L’expertise se veut rassurante. En effet, l’armature de la consommation est indemne avec une séparation entre des producteurs et des consommateurs et des médiations (marketing, publicité, communication) servant à l’absorption du flux de marchandises. L’accent est mis sur un infléchissement de la consommation.
D’ailleurs, même l’idée de plus en plus répandue de « déconsommation » marque une simple différence de degré dans l’ordre de la consommation, absolument pas de nature. Preuve que la figure idéologique du consommateur n’est pas propre à une lecture libérale, elle est aussi partagée par une gauche inerte qui, dans son approche misérabiliste de la pauvreté et de la crise, ne parle plus qu’au nom des consommateurs et pour le pouvoir d’achat.

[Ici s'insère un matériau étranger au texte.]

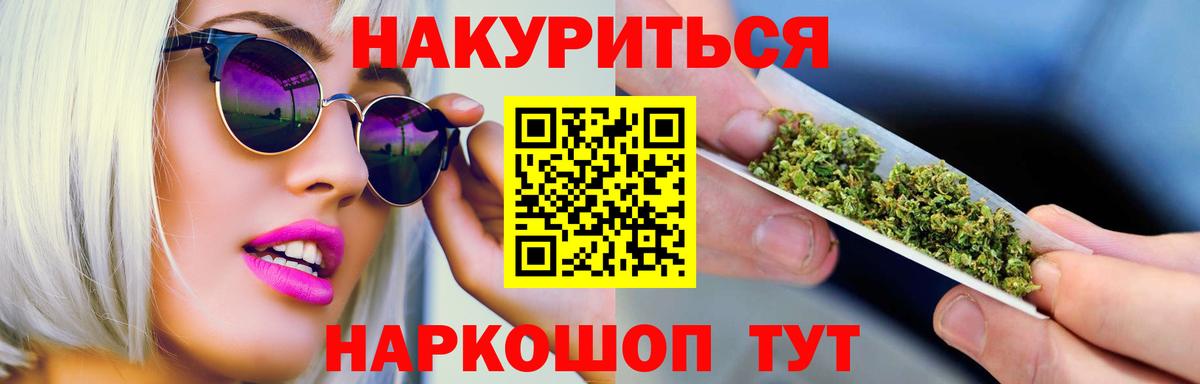 Муром  Бошки Шишки AK-47  Бошки Шишки Bruce Banner  Каннабис ГИДРОПОН  Вход с VPN 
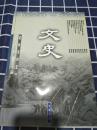 文史2000年第三辑总第五十二辑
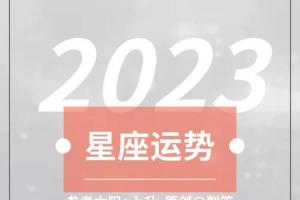 2023射手座运势完整版出炉了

Le scénario d’une transformation autrement radicale
Experts et politiques ne peuvent imaginer d’autres issues qu’une simple baisse raisonnable de la consommation et surtout pas l’hypothèse que l’édifice industriel de la consommation pourrait se dérober sous nos pieds. Or, ce qui fiche le camp, c’est bien le désir comme ressort de la confiance dans nos sociétés industrielles et dans l’avenir. Si pendant les 30 Glorieuses l’automobile aura été au pic du sens de la civilisation industrielle, elle est aujourd’hui confrontée à une désaffection symbolique majeure. Des individus peuvent continuer de vouloir des automobiles, ils ne les désirent plus.

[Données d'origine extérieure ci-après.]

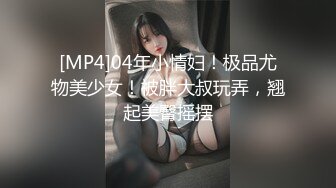 风骚的拉丁舞熟女老师大尺度秀舞姿  情趣玩具也玩的很嗨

Pour s’arracher à la désaffection généralisée, tout du moins la contenir, les produits doivent épouser des normes écologiques, sanitaires, environnementales et sociétales ; autant de motifs qui se sont d’ailleurs développés en marge des intérêts immédiats du marché, loin de la figure docile du consommateur, là où la multitude sociale projette et fantasme, revendique et partage d’autres modes d’existence et d’être au monde. C’est ce mouvement social erratique et agité que nos experts essaient de mettre sous contrôle en le ramenant à des variantes de consommation.
Or, au cœur de la crise, ce qui continue de se produire et de s’animer reste l’activité sociale, culturelle, notamment accessible par les nouvelles technologies, celle qui se fraye un chemin en dehors des canaux de la consommation. Ce sont des publics naissants, sans contours précis, mouvants, qui n’ont rien à voir avec les fadaises de mentors du management ou d’experts sur l’émancipation du consommateur. Il se pourrait que nos experts assistent béats à l’inhumation du consommateur auquel ils avaient fini par donner vie. Et il se pourrait aussi que nous assistions aux funérailles de ces prétendus experts.